Diff-Instruct*: Towards Human-Preferred One-step Text-to-image Generative Models
Authors
Abstract
We propose Diff-Instruct* (DI*), a data-efficient post-training approach for one-step text-to-image generative models to improve its human preferences without requiring image data. Our method frames alignment as online reinforcement learning from human feedback (RLHF), which optimizes the one-step model to maximize human reward functions while being regularized to be kept close to a reference diffusion process.

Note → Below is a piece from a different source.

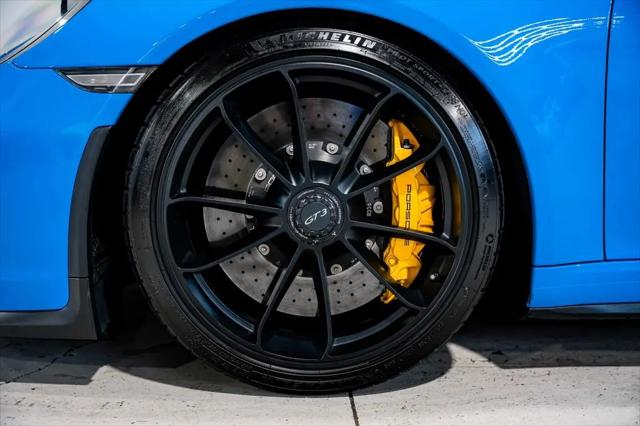 2018 Porsche 911 GT3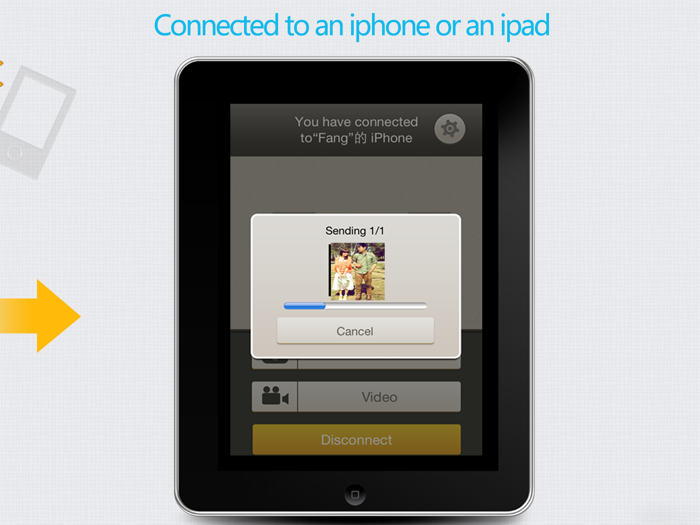 photo transfer app-shareit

Unlike traditional RLHF approaches, which rely on the Kullback-Leibler divergence as the regularization, we introduce a novel general score-based divergence regularization that substantially improves performance as well as post-training stability. Although the general score-based RLHF objective is intractable to optimize, we derive a strictly equivalent tractable loss function in theory that can efficiently compute its gradient for optimizations. We introduce DI-SDXL-1step*, which is a 2.6B one-step text-to-image model at a resolution of $1024\times 1024$, post-trained from DMD2 w.r.t SDXL. Our 2.6B DI-SDXL-1step model outperforms the 50-step 12B FLUX-dev model* in ImageReward, PickScore, and CLIP score on the Parti prompts benchmark while using only 1.88% of the inference time. This result clearly shows that with proper post-training, the small one-step model is capable of beating huge multi-step diffusion models.
Our model is open-sourced at this link: https://github.com/pkulwj1994/diff_instruct_star. We hope our findings can contribute to human-centric machine learning techniques.